For an introduction to this series, click here.
This is the end of this epistle, and Paul had some final words. First of all, he had some interesting things to say about the project to raise money for the church at Jerusalem:
"Now concerning the collection for the saints: as I directed the churches of Galatia, so you also are to do. On the first day of every week, each of you is to put something aside and store it up, as he may prosper, so that there will be no collecting when I come. And when I arrive, I will send those whom you accredit by letter to carry your gift to Jerusalem. If it seems advisable that I should go also, they will accompany me." (16:1-4)
Often we see this passage referenced with respect to all sorts of giving to and through the local church. This is obviously talking about giving, but it is less about general giving than it is about the specific need for the saints in Jerusalem. There was a terrible famine in Israel that is mentioned briefly in Acts. This was a huge project for the church around the world. Paul mentions it in several of his epistles.
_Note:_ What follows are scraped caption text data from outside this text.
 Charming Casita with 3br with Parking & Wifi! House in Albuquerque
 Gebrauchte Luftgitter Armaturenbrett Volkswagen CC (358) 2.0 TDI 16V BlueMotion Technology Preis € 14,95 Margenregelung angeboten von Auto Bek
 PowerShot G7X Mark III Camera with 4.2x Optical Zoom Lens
Paul said that he will likely come and visit, but probably not for long. But he said there is someone he is sending, and they are supposed to receive him well:
"When Timothy comes, see that you put him at ease among you, for he is doing the work of the Lord, as I am. So let no one despise him. Help him on his way in peace, that he may return to me, for I am expecting him with the brothers." (16:10-11)
A very interesting study I have never seen done is a study on the personality of Timothy. Here is probably Paul's most significant protégé, and it seems every time Paul mentions him in his epistles, he is reminding the church to be nice to him or to treat Timothy as they would treat Paul. Timothy must have been a very timid young man. Paul's first epistle to Timothy is all about encouragement and building up his confidence. I find it very interesting that Paul saw something in Timothy and put up with his many weaknesses in order to encourage him in the Lord. It is certainly a lesson to us not to focus on the weaknesses of young believers, but rather to encourage them.
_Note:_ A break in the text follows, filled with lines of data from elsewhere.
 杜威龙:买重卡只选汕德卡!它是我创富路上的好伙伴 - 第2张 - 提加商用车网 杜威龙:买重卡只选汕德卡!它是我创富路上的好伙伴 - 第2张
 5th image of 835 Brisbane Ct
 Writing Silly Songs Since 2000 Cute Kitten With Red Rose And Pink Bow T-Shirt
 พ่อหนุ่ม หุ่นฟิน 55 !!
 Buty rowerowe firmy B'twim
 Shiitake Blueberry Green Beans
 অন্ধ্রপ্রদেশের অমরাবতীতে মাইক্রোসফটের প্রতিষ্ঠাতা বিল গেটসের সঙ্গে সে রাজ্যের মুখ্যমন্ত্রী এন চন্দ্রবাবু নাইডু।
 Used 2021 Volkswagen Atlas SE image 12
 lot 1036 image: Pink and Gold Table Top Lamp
"I, Paul, write this greeting with my own hand. If anyone has no love for the Lord, let him be accursed. Our Lord, come!" (16:21-22, ESV)
This is how the epistle ends. Those who do not love the Lord will certainly be accursed in the judgment, but I think this is probably referring to people attending the church who exhibit no real change of life or heart. Our job is not to do the condemning, but we can and need to exercise our own judgment and be discerning about people in the church and try to be an encouragement.